What this task involves: In full and without alteration, print the records below, minus any images.
** Exercise material follows **
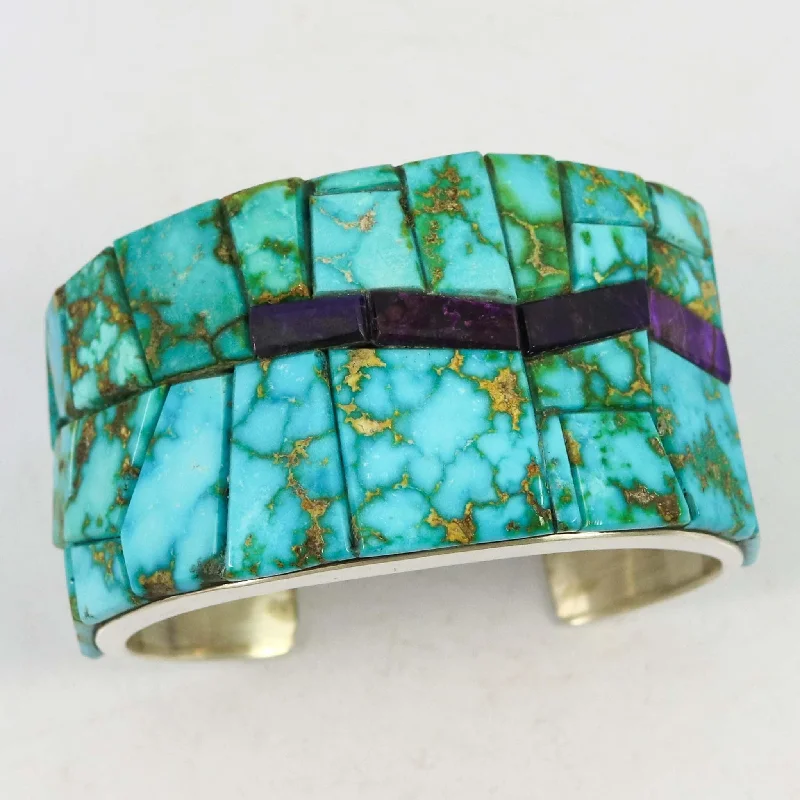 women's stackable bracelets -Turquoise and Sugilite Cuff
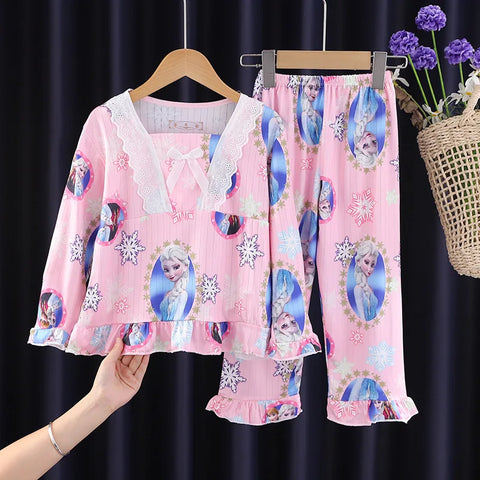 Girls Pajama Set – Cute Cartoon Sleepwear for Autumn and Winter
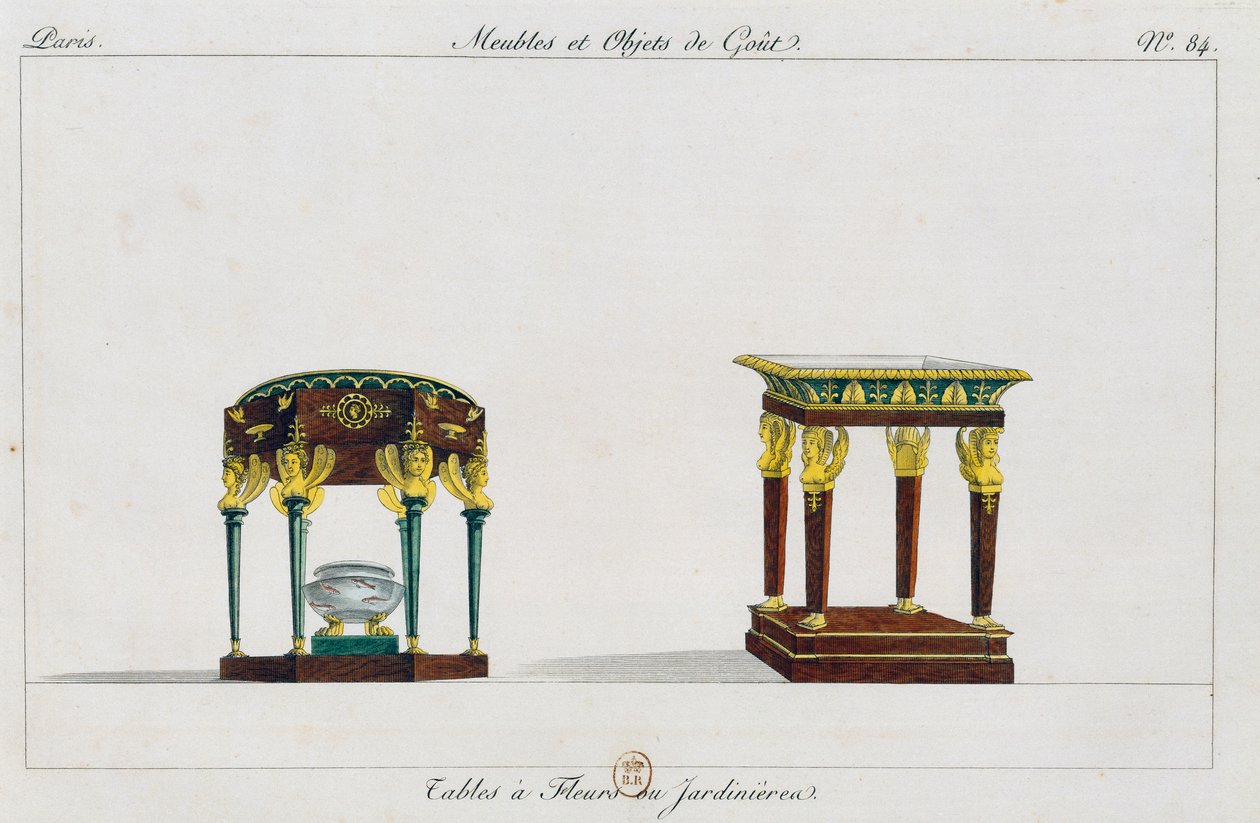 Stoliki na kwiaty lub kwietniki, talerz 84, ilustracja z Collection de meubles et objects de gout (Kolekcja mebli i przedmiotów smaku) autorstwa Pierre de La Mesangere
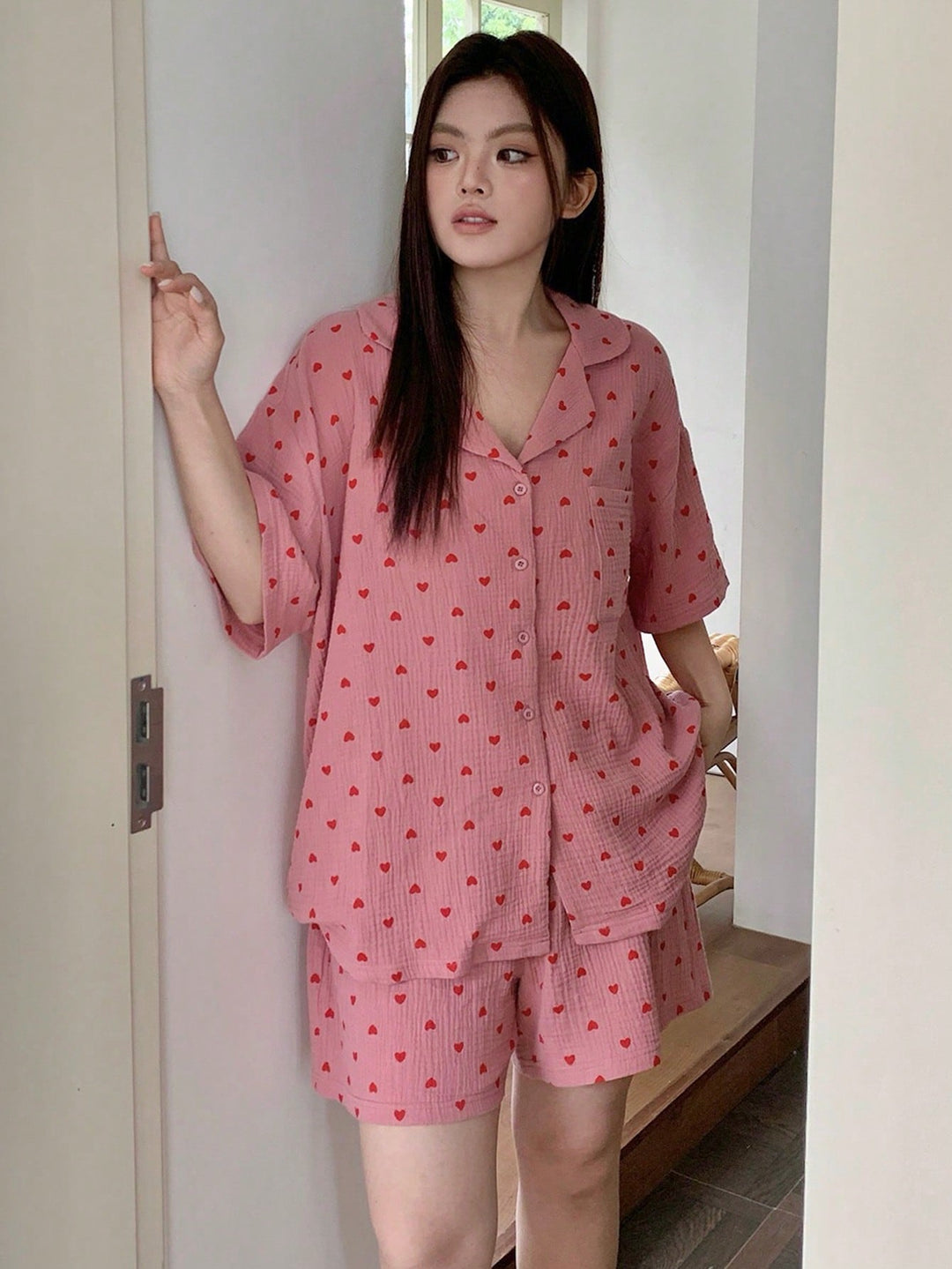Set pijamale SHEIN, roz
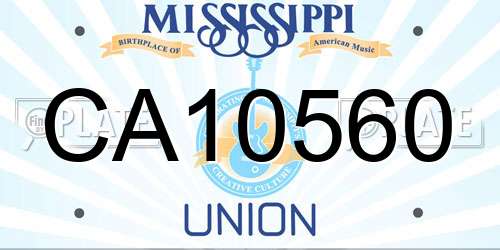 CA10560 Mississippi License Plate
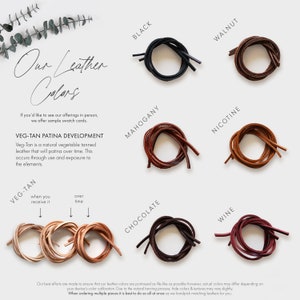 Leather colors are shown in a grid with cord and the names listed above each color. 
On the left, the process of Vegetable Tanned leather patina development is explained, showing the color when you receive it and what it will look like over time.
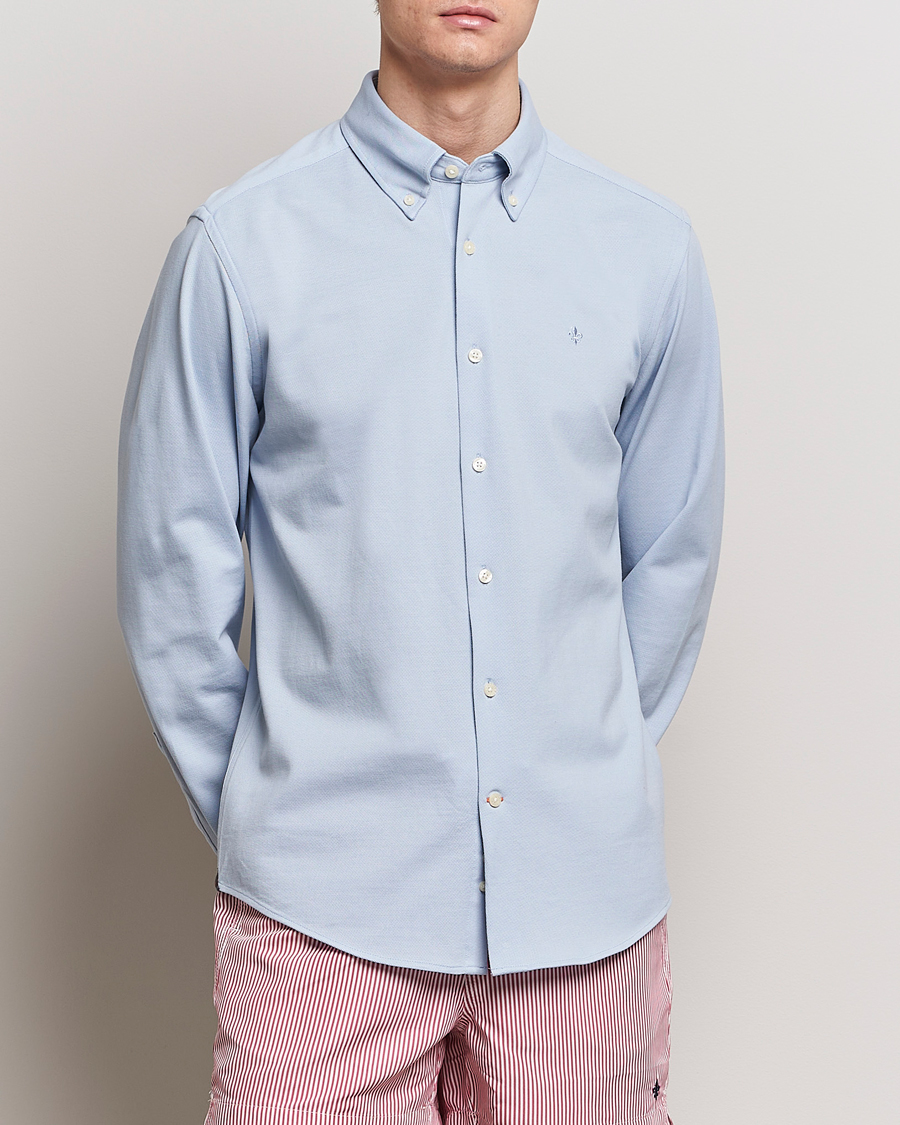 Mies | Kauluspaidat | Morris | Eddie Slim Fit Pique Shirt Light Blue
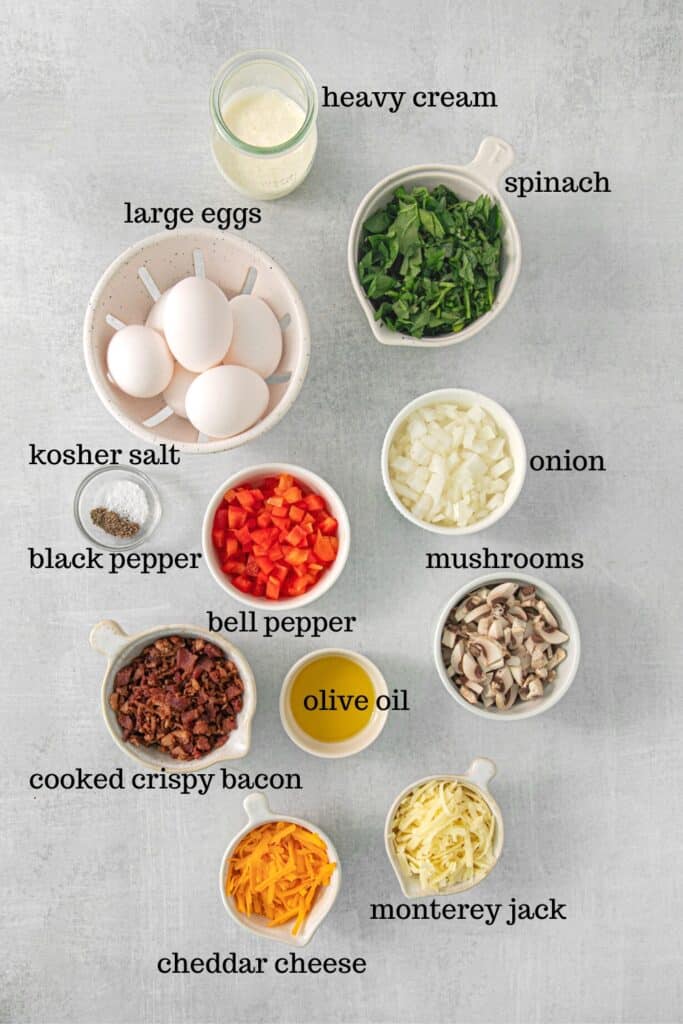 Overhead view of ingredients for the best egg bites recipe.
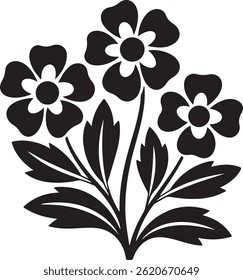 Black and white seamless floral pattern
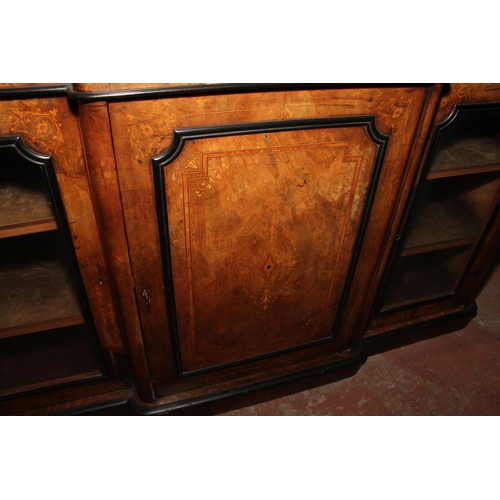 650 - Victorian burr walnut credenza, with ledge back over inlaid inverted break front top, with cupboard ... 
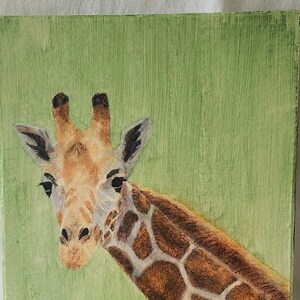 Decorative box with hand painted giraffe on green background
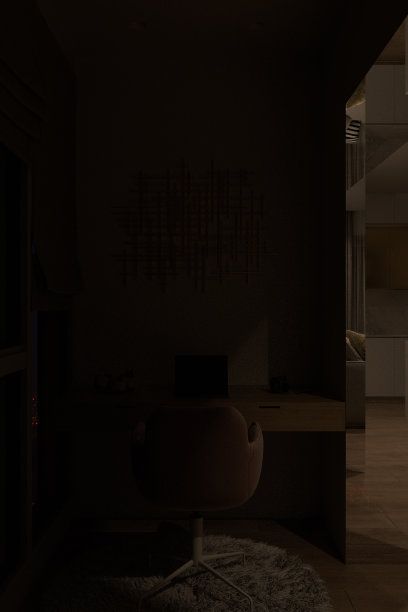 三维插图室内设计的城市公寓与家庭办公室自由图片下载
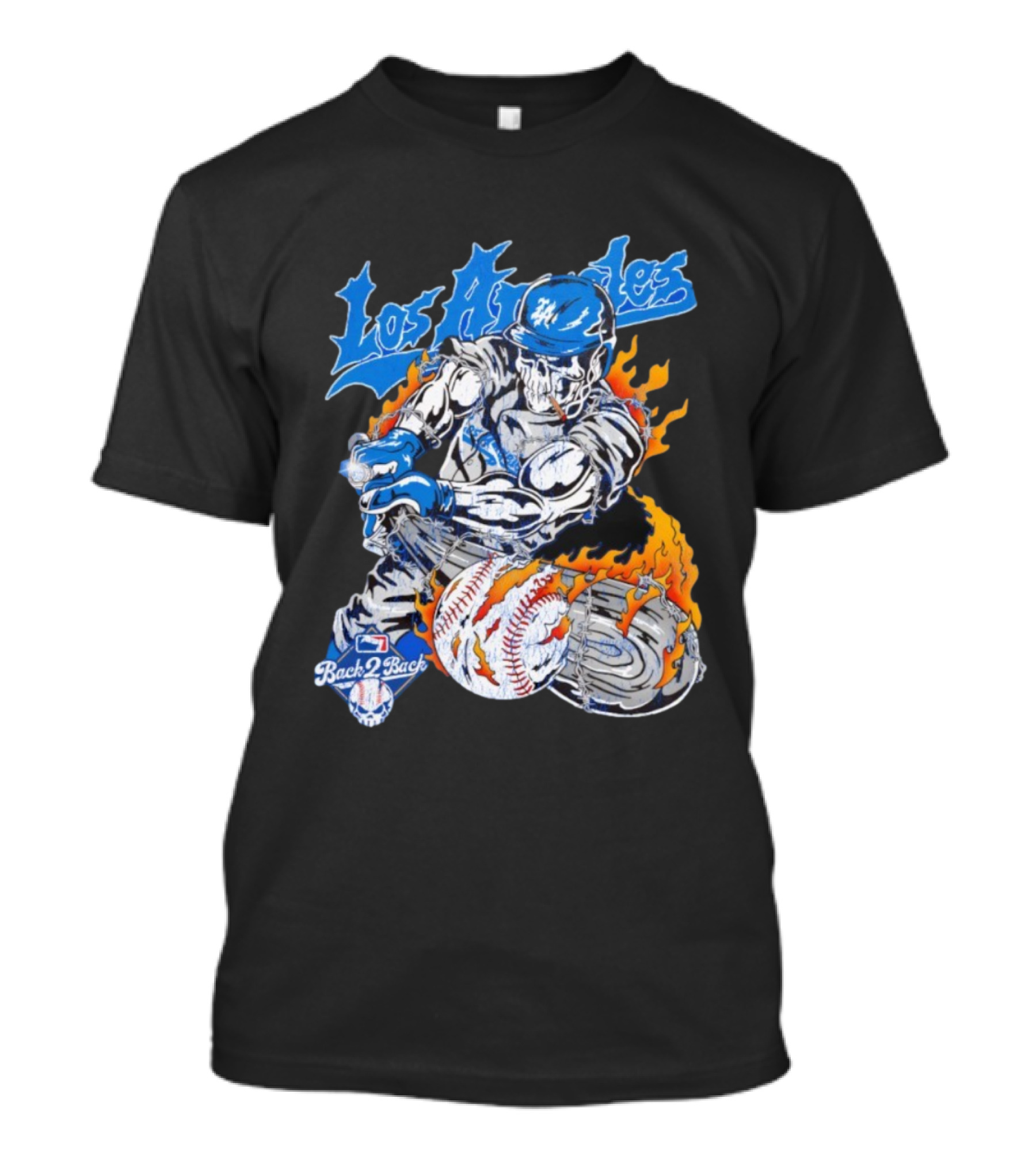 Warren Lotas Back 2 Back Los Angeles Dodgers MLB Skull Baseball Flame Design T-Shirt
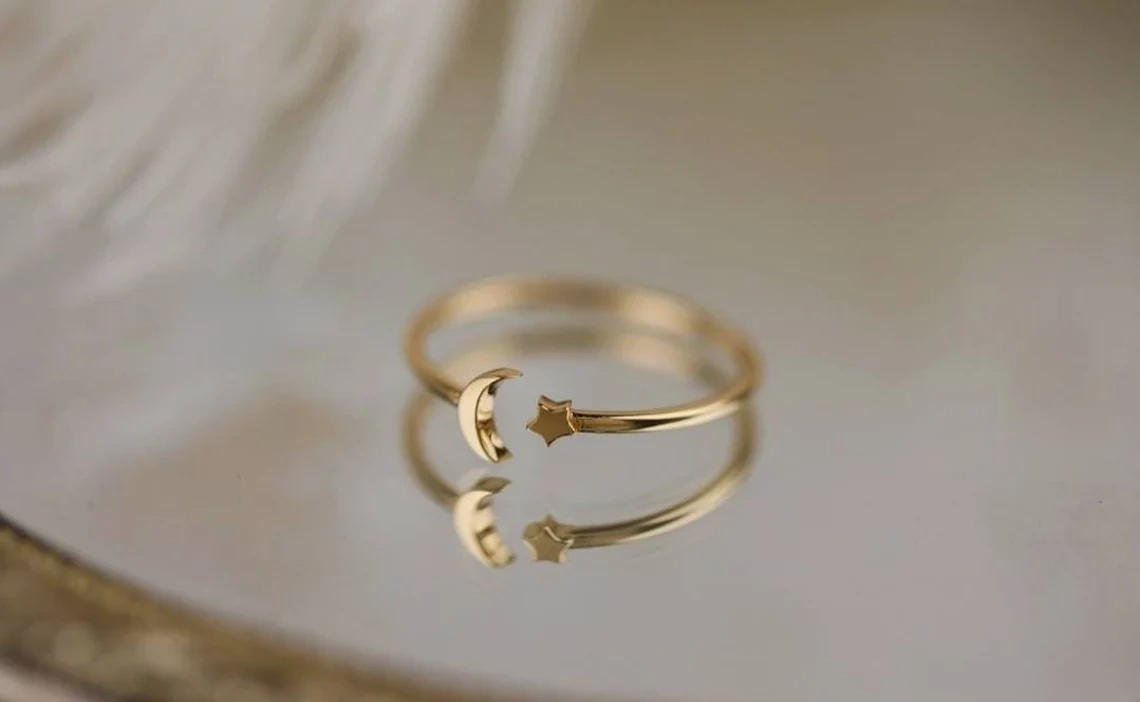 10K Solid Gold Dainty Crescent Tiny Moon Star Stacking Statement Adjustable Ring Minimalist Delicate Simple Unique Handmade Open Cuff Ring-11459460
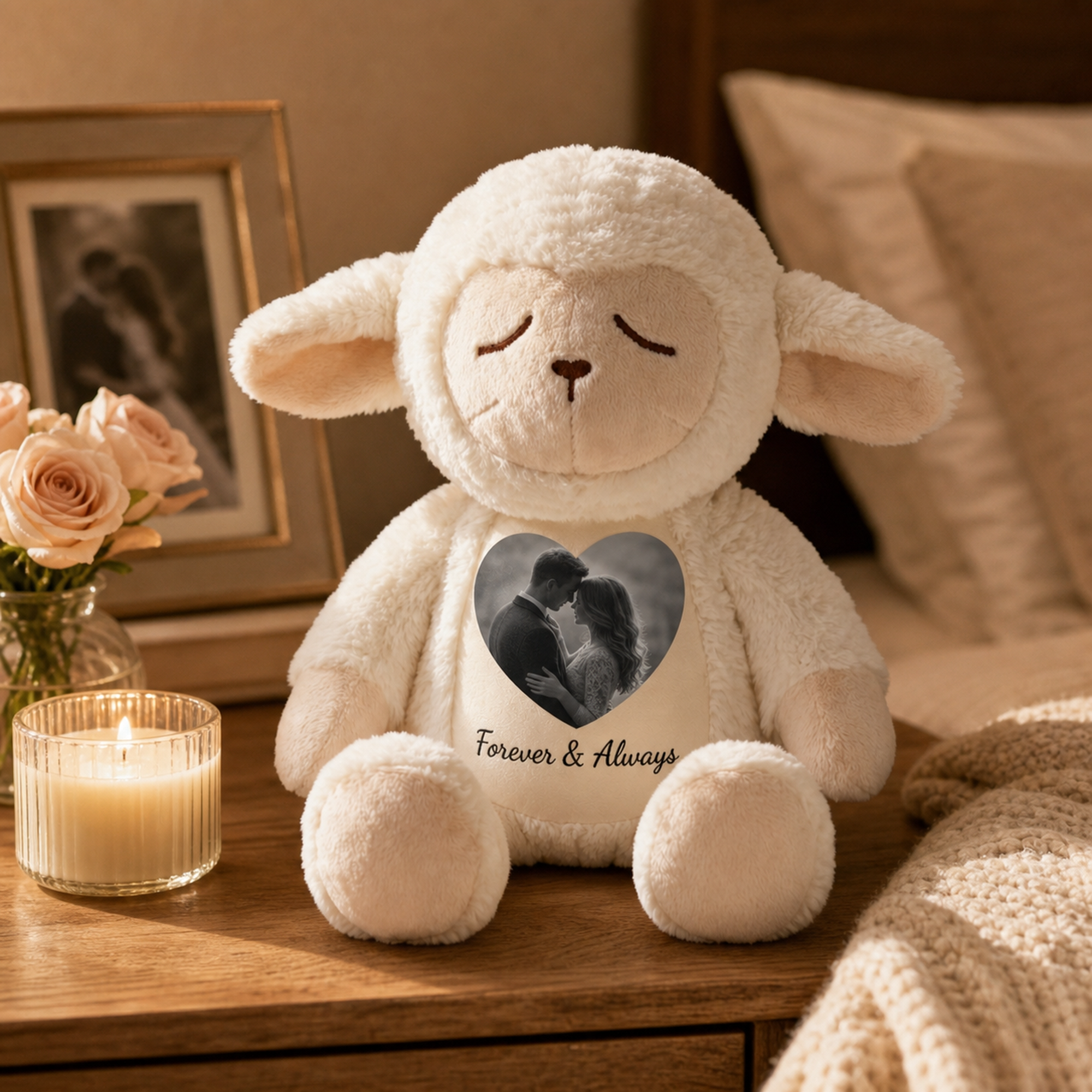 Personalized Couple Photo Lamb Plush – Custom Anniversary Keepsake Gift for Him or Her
** End of Exercise material **
Reply to the task:
 women's stackable bracelets -Turquoise and Sugilite Cuff
 Girls Pajama Set – Cute Cartoon Sleepwear for Autumn and Winter
 Stoliki na kwiaty lub kwietniki, talerz 84, ilustracja z Collection de meubles et objects de gout (Kolekcja mebli i przedmiotów smaku) autorstwa Pierre de La Mesangere
Set pijamale SHEIN, roz
 CA10560 Mississippi License Plate
 Leather colors are shown in a grid with cord and the names listed above each color. 
On the left, the process of Vegetable Tanned leather patina development is explained, showing the color when you receive it and what it will look like over time.
 Mies | Kauluspaidat | Morris | Eddie Slim Fit Pique Shirt Light Blue
 Overhead view of ingredients for the best egg bites recipe.
 Black and white seamless floral pattern
 650 - Victorian burr walnut credenza, with ledge back over inlaid inverted break front top, with cupboard ... 
 Decorative box with hand painted giraffe on green background
 三维插图室内设计的城市公寓与家庭办公室自由图片下载
 Warren Lotas Back 2 Back Los Angeles Dodgers MLB Skull Baseball Flame Design T-Shirt
 10K Solid Gold Dainty Crescent Tiny Moon Star Stacking Statement Adjustable Ring Minimalist Delicate Simple Unique Handmade Open Cuff Ring-11459460
 Personalized Couple Photo Lamb Plush – Custom Anniversary Keepsake Gift for Him or Her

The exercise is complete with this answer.